*About this task:* Go through the listing below and retype exactly the lines starting at the one with "Bracelet argent ambre cognac" and ending at the one with "Lumsdale waterfall Matlock", skipping pictures.
----- Data to use
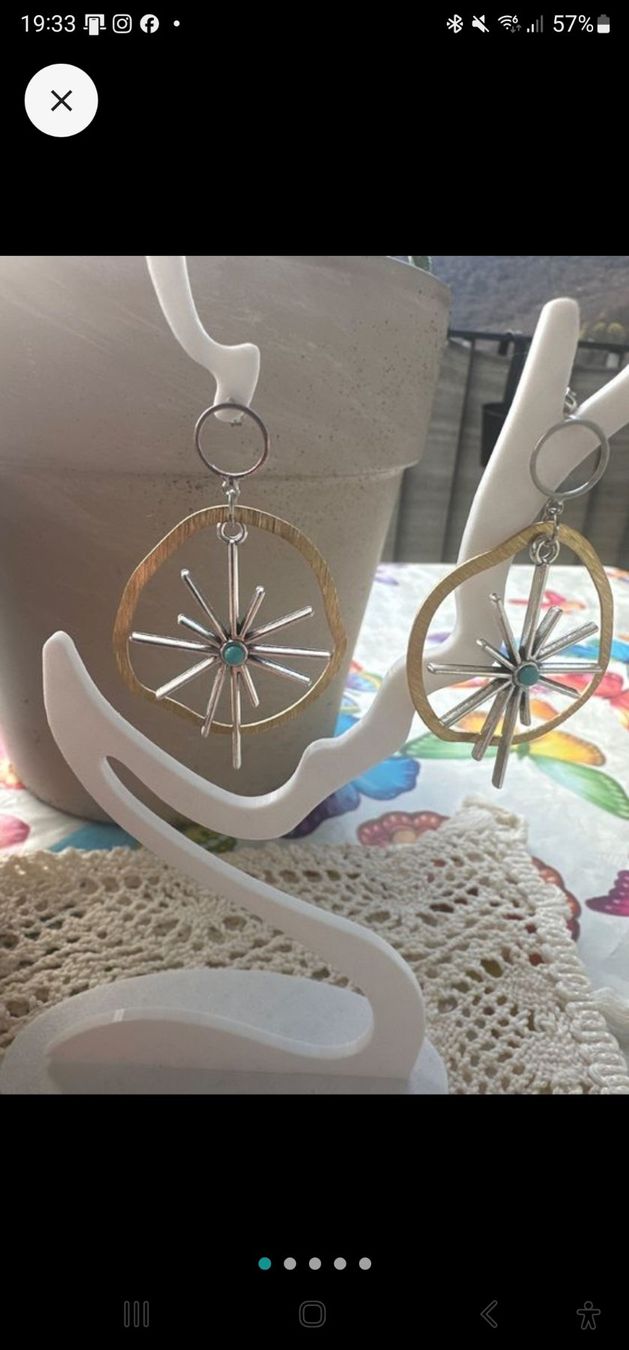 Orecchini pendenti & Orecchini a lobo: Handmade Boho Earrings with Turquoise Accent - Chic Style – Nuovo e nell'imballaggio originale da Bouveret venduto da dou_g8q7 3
----------
----- Data to use
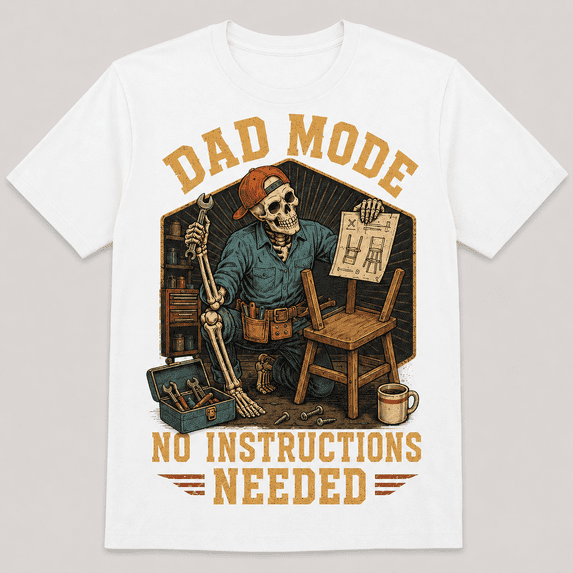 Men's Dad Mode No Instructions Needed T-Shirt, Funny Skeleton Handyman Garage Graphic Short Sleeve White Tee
----------
----- Data to use
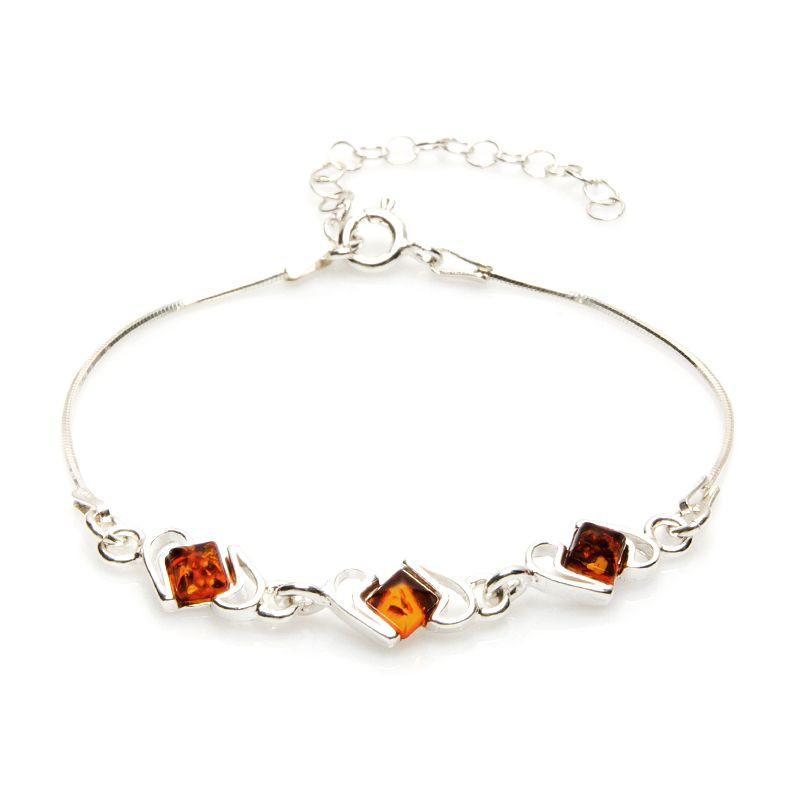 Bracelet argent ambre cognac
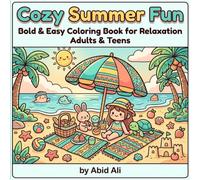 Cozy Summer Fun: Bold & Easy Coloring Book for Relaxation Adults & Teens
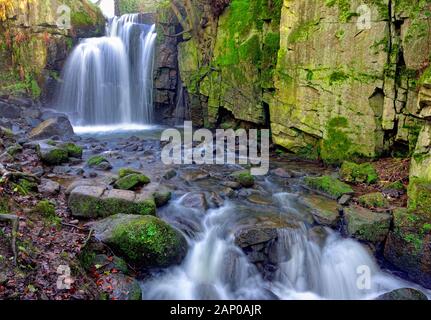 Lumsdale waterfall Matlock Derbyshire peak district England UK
----------
*Exercise solution:*
 Bracelet argent ambre cognac
 Cozy Summer Fun: Bold & Easy Coloring Book for Relaxation Adults & Teens
 Lumsdale waterfall Matlock Derbyshire peak district England UK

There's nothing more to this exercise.